Dat seksuele intimidatie een globale problematiek is, weet ook Plan International. In 2018 bracht de organisatie het rapport Unsafe in The City uit. In dat onderzoek werden duizenden meisjes en jonge vrouwen geïnterviewd in vijf grootsteden over de hele wereld: Delhi (India), Kampala (Oeganda), Lima (Peru), Madrid (Spanje) en Sydney (Australië).
Een aantal opvallende tendensen vielen daarbij op. Zo zijn volgens het onderzoek in alle vijf de steden ongewenste aanrakingen en catcalling (bv. nafluiten, naroepen, aanstaren op straat, red.) 'zo gebruikelijk dat meisjes ze als “gewoon, normaal”, beginnen te zien’.
Met Safer Cities wil Plan International seksuele intimidatie helpen bestrijden. Het project werd ondertussen al in 16 steden wereldwijd opgezet. De organisatie werkt er nauw samen met lokale jongerengroepen, die zelf informatie doorspelen aan lokale autoriteiten.
Seksuele intimidatie in Vietnam
Een van de eerste steden waar Plan International een Safe Cities-project opstartte, in 2014, was de Vietnamese hoofdstad Hanoi.
Fysiek, seksueel en psychologisch geweld tegen vrouwen is ook in Vietnam een groot probleem. Uit een onderzoek van de Vietnamese overheid en de Verenigde Naties bleek dat 63% van de Vietnamese vrouwen er al mee geconfronteerd werd. Plan International wil helpen om een veilige en inclusieve omgeving te creëren voor meisjes en jonge vrouwen.
‘Mensen denken hier nog vaak dat dingen roepen naar meisjes of ze aanraken niet zo serieus is. Ze zien het als een grapje, iets wat niet van belang is.’

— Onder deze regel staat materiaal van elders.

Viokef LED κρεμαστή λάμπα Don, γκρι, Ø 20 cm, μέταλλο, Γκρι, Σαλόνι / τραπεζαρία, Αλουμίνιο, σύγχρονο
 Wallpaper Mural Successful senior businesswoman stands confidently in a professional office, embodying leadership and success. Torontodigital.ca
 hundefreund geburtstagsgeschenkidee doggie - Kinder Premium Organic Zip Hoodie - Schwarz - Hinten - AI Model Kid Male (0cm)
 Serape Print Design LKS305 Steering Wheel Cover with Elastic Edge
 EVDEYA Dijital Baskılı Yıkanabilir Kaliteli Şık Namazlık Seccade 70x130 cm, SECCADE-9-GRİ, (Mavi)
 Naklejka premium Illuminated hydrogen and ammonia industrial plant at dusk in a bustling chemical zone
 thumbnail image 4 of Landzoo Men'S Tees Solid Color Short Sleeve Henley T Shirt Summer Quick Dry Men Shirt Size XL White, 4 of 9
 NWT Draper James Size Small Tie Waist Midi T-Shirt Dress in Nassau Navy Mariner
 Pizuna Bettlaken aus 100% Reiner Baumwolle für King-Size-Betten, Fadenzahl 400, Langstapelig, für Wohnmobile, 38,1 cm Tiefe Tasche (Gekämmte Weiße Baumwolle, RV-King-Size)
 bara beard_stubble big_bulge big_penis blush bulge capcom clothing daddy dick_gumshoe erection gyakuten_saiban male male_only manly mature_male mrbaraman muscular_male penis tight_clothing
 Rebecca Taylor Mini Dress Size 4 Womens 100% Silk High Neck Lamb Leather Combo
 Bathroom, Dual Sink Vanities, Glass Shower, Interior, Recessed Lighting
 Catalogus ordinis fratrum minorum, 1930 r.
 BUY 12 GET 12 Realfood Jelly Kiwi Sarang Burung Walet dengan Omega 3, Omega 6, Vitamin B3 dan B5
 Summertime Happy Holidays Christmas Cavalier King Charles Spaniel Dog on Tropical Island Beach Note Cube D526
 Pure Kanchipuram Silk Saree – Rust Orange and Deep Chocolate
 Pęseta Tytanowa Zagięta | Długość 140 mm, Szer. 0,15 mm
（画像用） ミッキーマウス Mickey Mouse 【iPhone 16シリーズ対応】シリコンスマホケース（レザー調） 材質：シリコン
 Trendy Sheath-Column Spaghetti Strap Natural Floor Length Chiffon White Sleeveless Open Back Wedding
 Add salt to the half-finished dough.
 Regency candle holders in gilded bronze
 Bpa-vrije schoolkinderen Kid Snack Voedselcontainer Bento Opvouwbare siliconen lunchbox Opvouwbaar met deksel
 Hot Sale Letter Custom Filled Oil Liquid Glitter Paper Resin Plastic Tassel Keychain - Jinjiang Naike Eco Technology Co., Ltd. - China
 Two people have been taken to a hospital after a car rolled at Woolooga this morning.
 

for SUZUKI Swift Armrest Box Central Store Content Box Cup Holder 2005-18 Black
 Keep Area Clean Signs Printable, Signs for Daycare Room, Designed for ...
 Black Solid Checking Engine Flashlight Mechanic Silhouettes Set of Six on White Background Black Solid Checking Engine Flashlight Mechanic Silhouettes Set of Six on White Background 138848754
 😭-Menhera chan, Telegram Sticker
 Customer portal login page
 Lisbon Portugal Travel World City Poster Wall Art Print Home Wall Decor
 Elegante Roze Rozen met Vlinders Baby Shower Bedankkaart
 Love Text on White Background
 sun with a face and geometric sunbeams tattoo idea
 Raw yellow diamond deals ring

Thu Dao Thi Bao, de projectcoördinator van Plan International Vietnam, vond dat Vietnamezen dringend nood aan hadden aan meer juiste informatie over seksuele intimidatie. ‘Mensen denken hier nog vaak dat dingen roepen naar meisjes of hen aanraken niet zo serieus is. Ze zien het als een grapje, iets wat niet van belang is', vertelt ze aan de telefoon vanuit Vietnam.
Volgens Dao Thi Bao is het probleem diepgeworteld in de Vietnamese cultuur. ‘In Vietnam hebben we een bekende uitspraak: “Bloemen zijn er om te plukken en meisjes om te plagen.”’
Aangezien seksuele intimidatie vaak niet gezien wordt als een probleem grijpen de meeste omstaanders niet in. ‘Mensen die getuige zijn van seksuele intimidatie grijpen niet in omdat ze vinden dat het niet hun zaak is of omdat ze bang zijn voor de reactie. Maar vaak vinden ze het gewoon niet ernstig genoeg.’
Ook wordt de verantwoordelijkheid voor seksuele intimidatie bijna altijd bij de slachtoffers en hun familie gelegd. ‘Je hoort vaak dat die dingen gebeuren omdat meisje te korte jurkjes dragen of omdat ze ’s avonds alleen over straat wandelen.’
‘Daarnaast vond de Vietnamese overheid lang dat het de verantwoordelijkheid van de ouders is om hun dochters te beschermen’, gaat Dao Thi Bao verder.
© Plan International
Bewustwording
Bewustmaking van de problematiek is voor Plan International een belangrijk aandachtspunt, en het ziet jongeren daarbij als een deel van de oplossing. ‘We werken hier met Champions of Change’, vertelt Dao Thi Bao. ‘Dat is een club waar we jongeren informeren over gendergerelateerd geweld en gendergelijkheid.’
De bedoeling is ook om meisjes mondiger te helpen maken. ‘We leren hen om zelfvertrouwen te hebben. We leren hen sociale vaardigheden aan, zodat ze voor zichzelf kunnen opkomen.’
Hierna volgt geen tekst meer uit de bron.